**ACTION ITEM**
Beginning with the line that contains "Caroline Charles Mother", repeat each line exactly through the end of the listing below. Pictures stay out.

**STORED DATA**
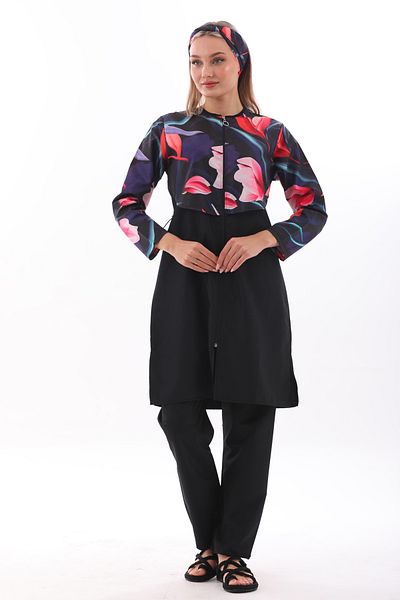 REMSA Parachute Full Covered Hijab Μαγιό Aller 2403 Flower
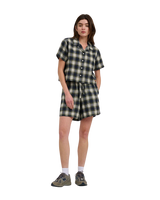 The Santa Cruz Womens Classic Check Crop Shirt in Navy & Green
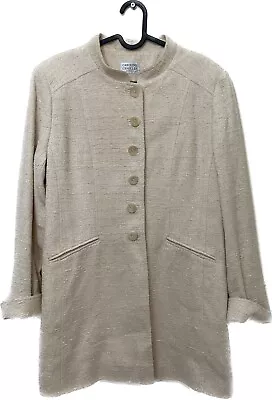 Caroline Charles Mother Of The Bride Jacket Pink Ivory Boucle Button Size 14 • £65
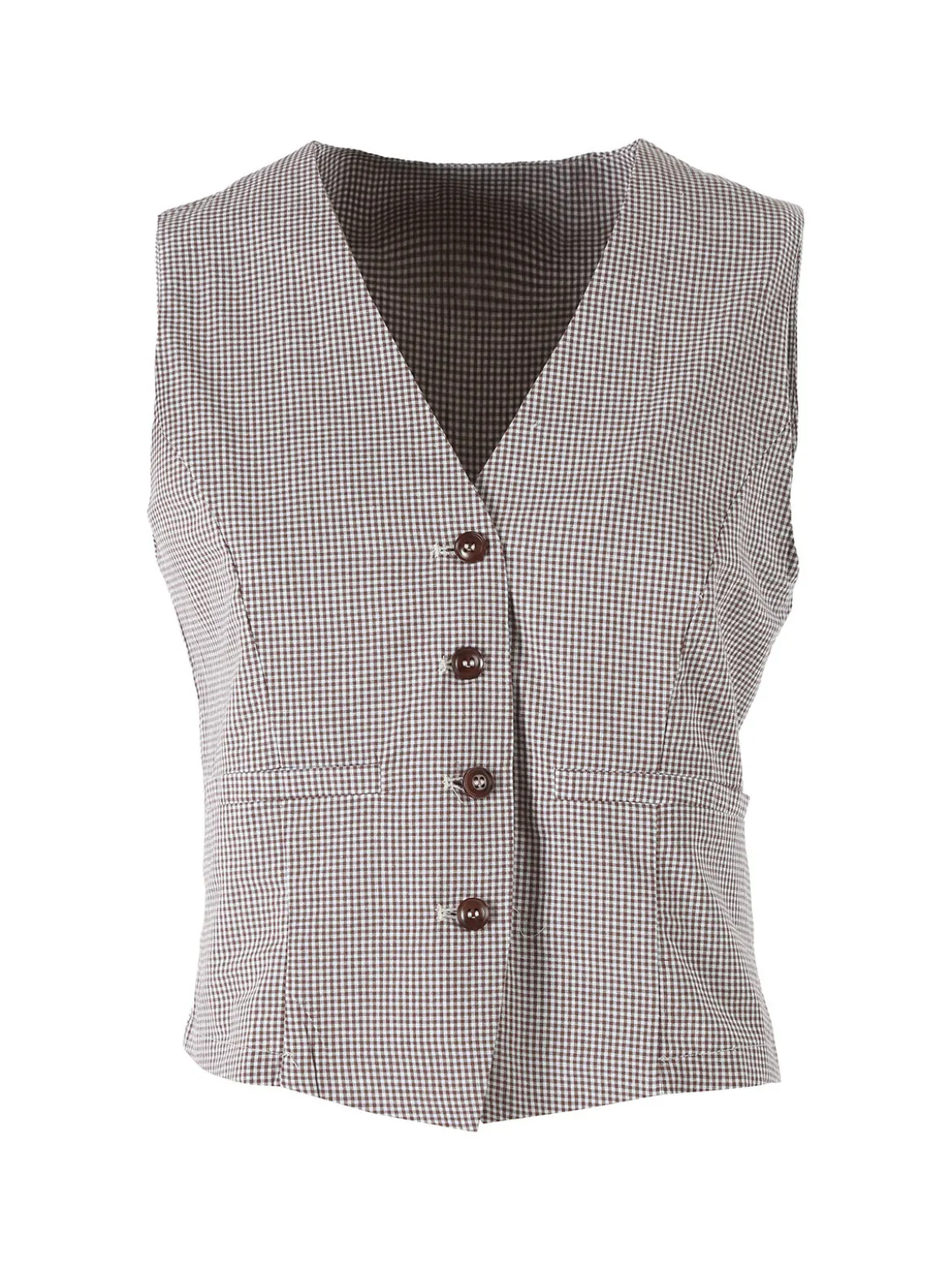 Solada Gilet da donna in cotone con stampa a quadretti - coffe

**SOLUTION TO THIS TASK**
 Caroline Charles Mother Of The Bride Jacket Pink Ivory Boucle Button Size 14 • £65
 Solada Gilet da donna in cotone con stampa a quadretti - coffe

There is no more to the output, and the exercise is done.